11 The Delta Beta Xi Key This special Key is a replica of the Delta Beta Xi Badge worn by members of Alpha Chapter from 1864-1875 and recognizes outstanding service to the Fraternity. Only award recipients of Delta Beta Xi may wear it. The Grand Council names no more than ten men to Delta Beta Xi each year. The Recognition Pin A small replica of the open book with its hieroglyphics and pen, this symbol is worn on the left lapel of a suit or sport coat and may be worn only by initiated members. The Monogram Pin A simple pin of the letters ASP meant to be worn on the left lapel of a suit or sport coat by initiated Alumni only.

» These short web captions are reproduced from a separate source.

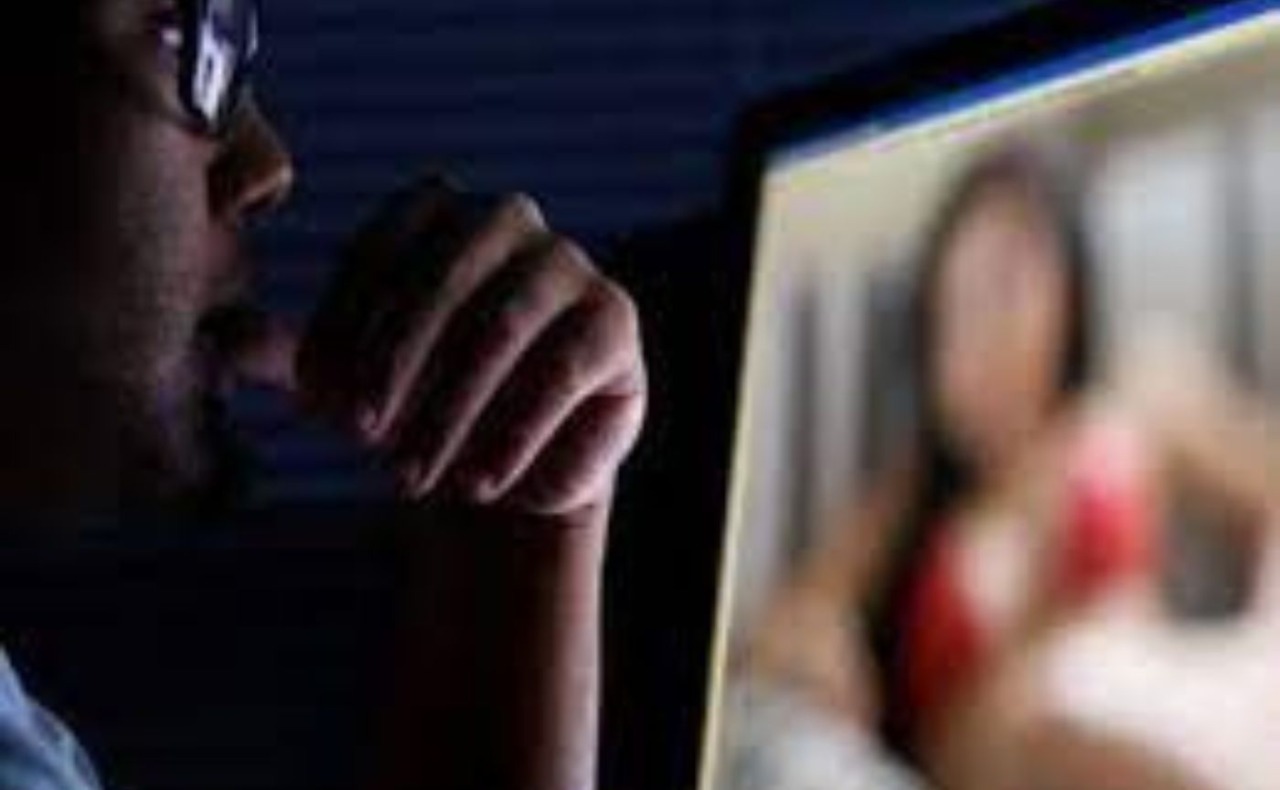 35enne italiana in manette per estorsione sessuale e autoriciclaggio: vittima un uomo conosciuto a un corso di ballo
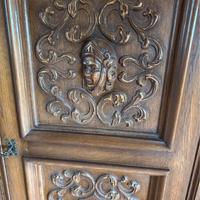 credenza stile rinascimentale spagnolo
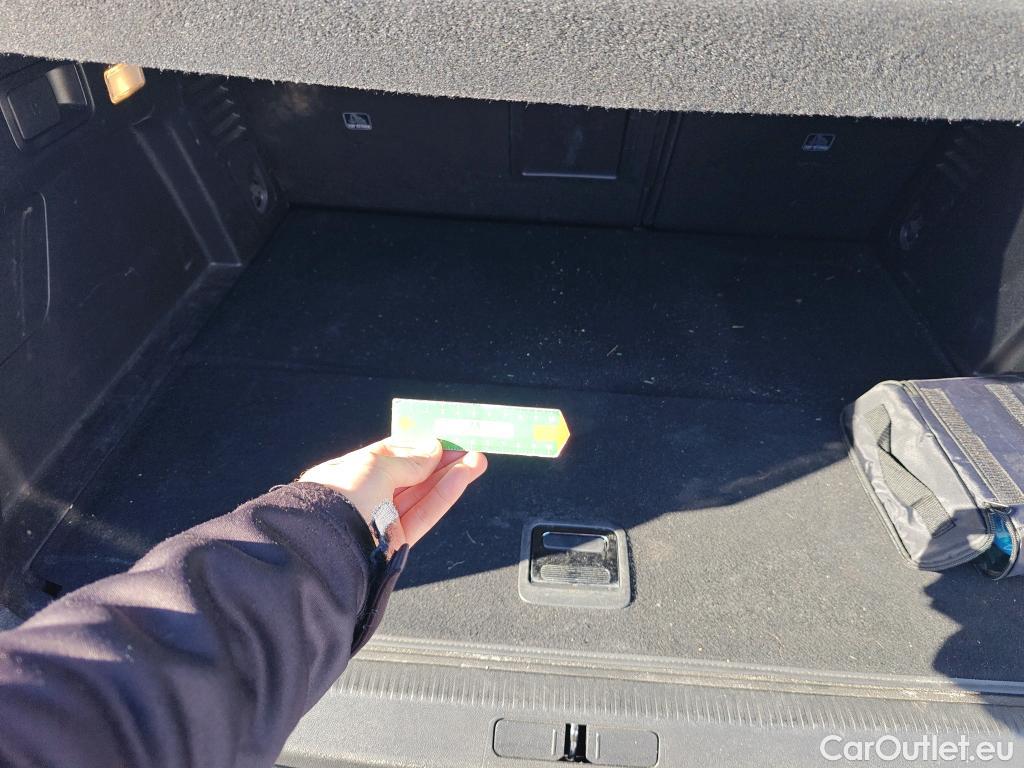  Peugeot  3008 PEUGEOT  Hybrid / 2020 / 5P / todoterreno 225 e-EAT8 Allure (AC2) #2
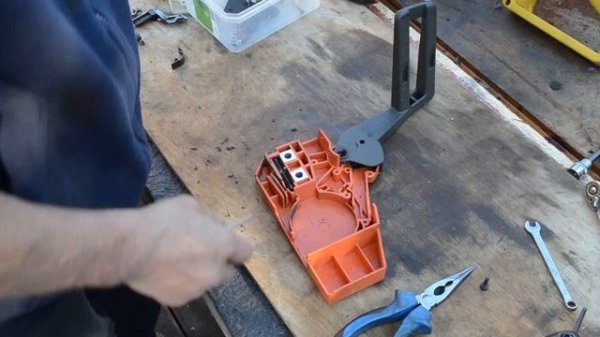 Brake band replacement, repair, tear down, Husqvarna 40 ( Similar Jonsered, Partner, Husqv. mod.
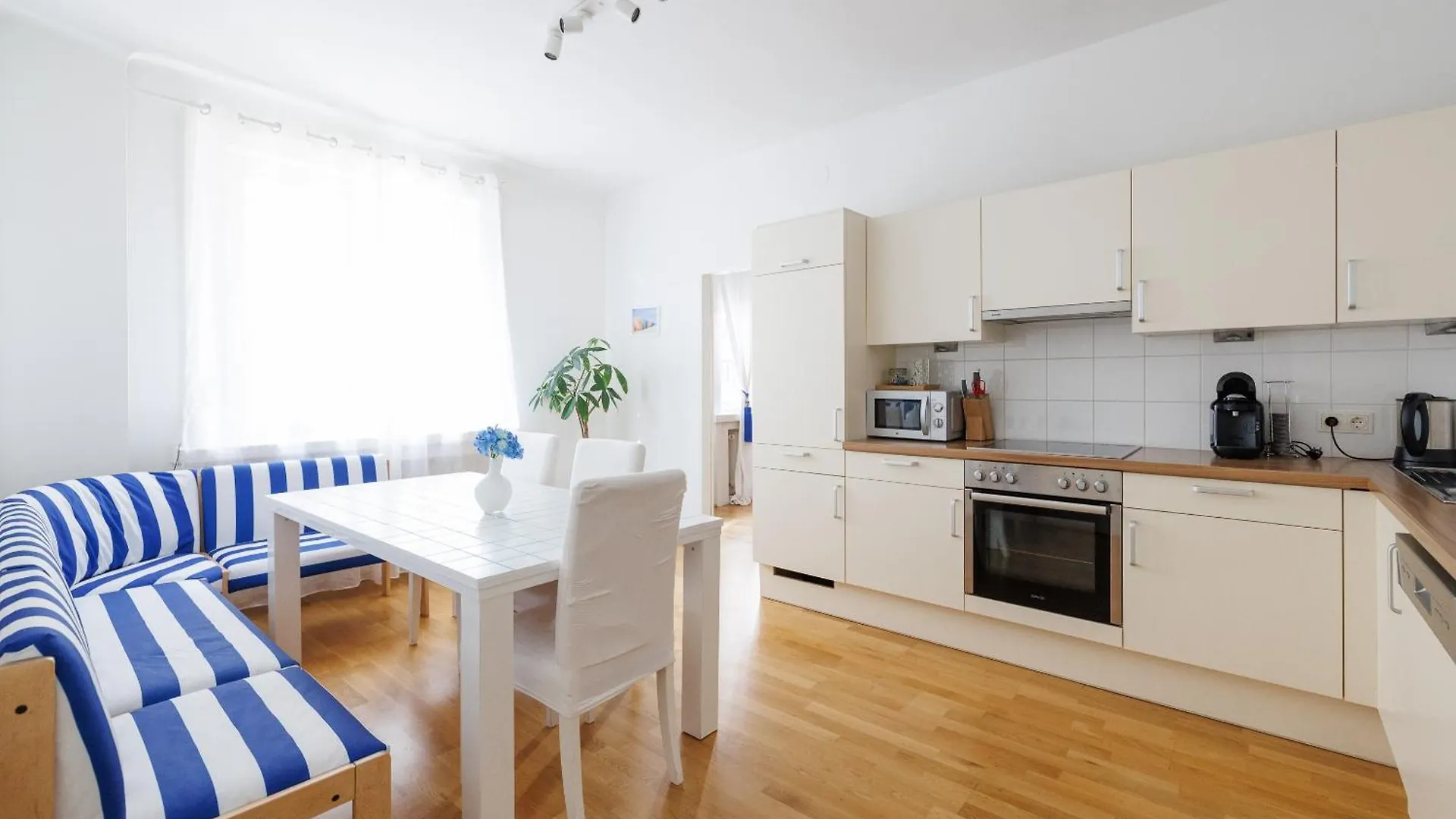 Apartment France | Operastreet contacts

12 The Sesquicentennial Pin A special pin designed exclusively for the Sesquicentennial Celebration of Alpha Sigma Phi in 1995. the pin was first presented during the celebration in Charleston, South Carolina to members of the Fraternity to recognize their contributions to the Old Gal. Registered Trademarks & Copyrighted Material All the symbols of Alpha Sigma Phi and the Greek letters, ASP, are registered and copyrighted material.